_Required work:_
Among the lines of the listing below, retype exactly those from the one containing "beef green chile" through the one containing "Afstuderen Liefde &", both included. Do not include pictures.

──────── Supplied information

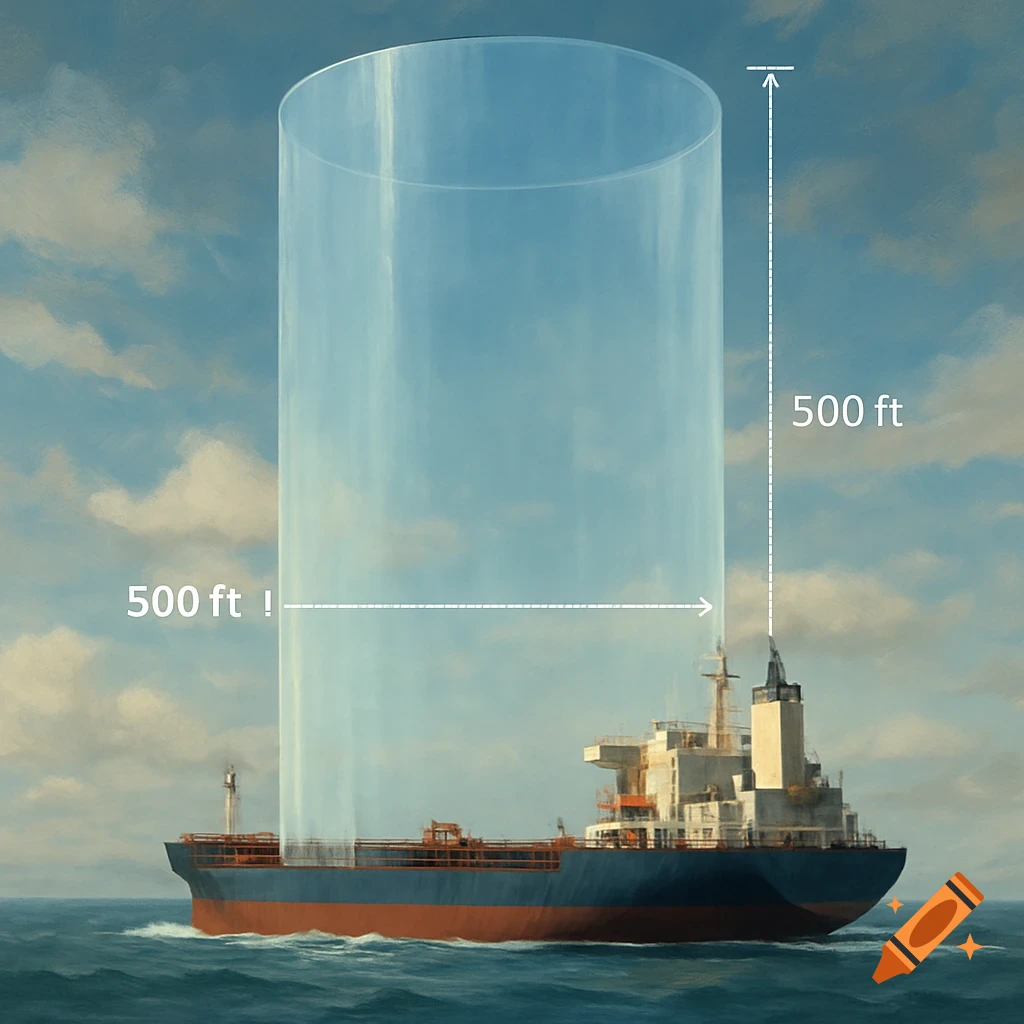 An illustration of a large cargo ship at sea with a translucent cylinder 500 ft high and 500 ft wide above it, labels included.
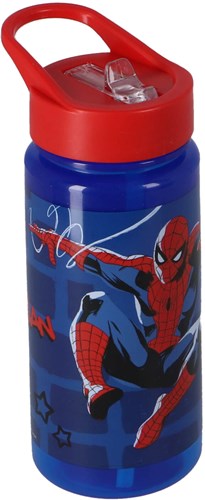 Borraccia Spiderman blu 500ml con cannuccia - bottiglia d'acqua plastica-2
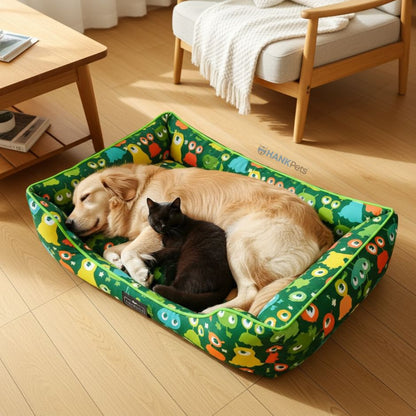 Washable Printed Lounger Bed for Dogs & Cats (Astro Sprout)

────────────────
──────── Supplied information

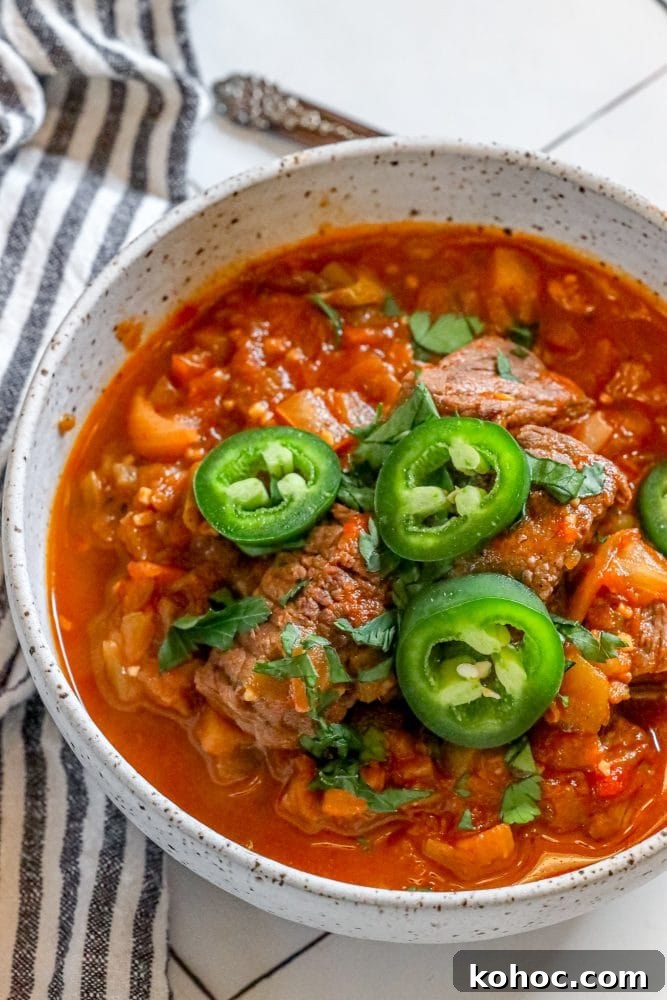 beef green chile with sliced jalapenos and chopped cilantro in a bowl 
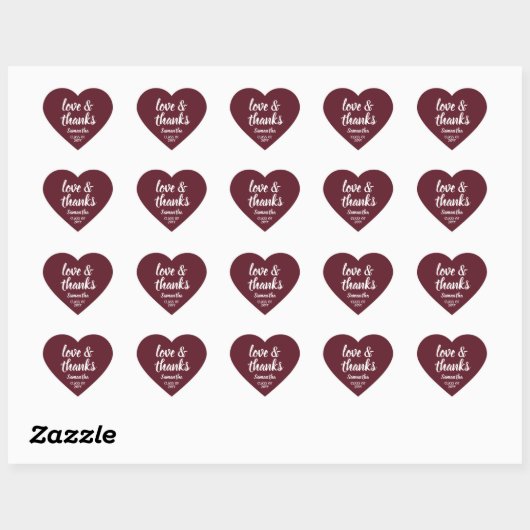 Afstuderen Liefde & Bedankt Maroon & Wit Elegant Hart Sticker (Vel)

────────────────

_Result of this task:_
 beef green chile with sliced jalapenos and chopped cilantro in a bowl 
 Afstuderen Liefde & Bedankt Maroon & Wit Elegant Hart Sticker (Vel)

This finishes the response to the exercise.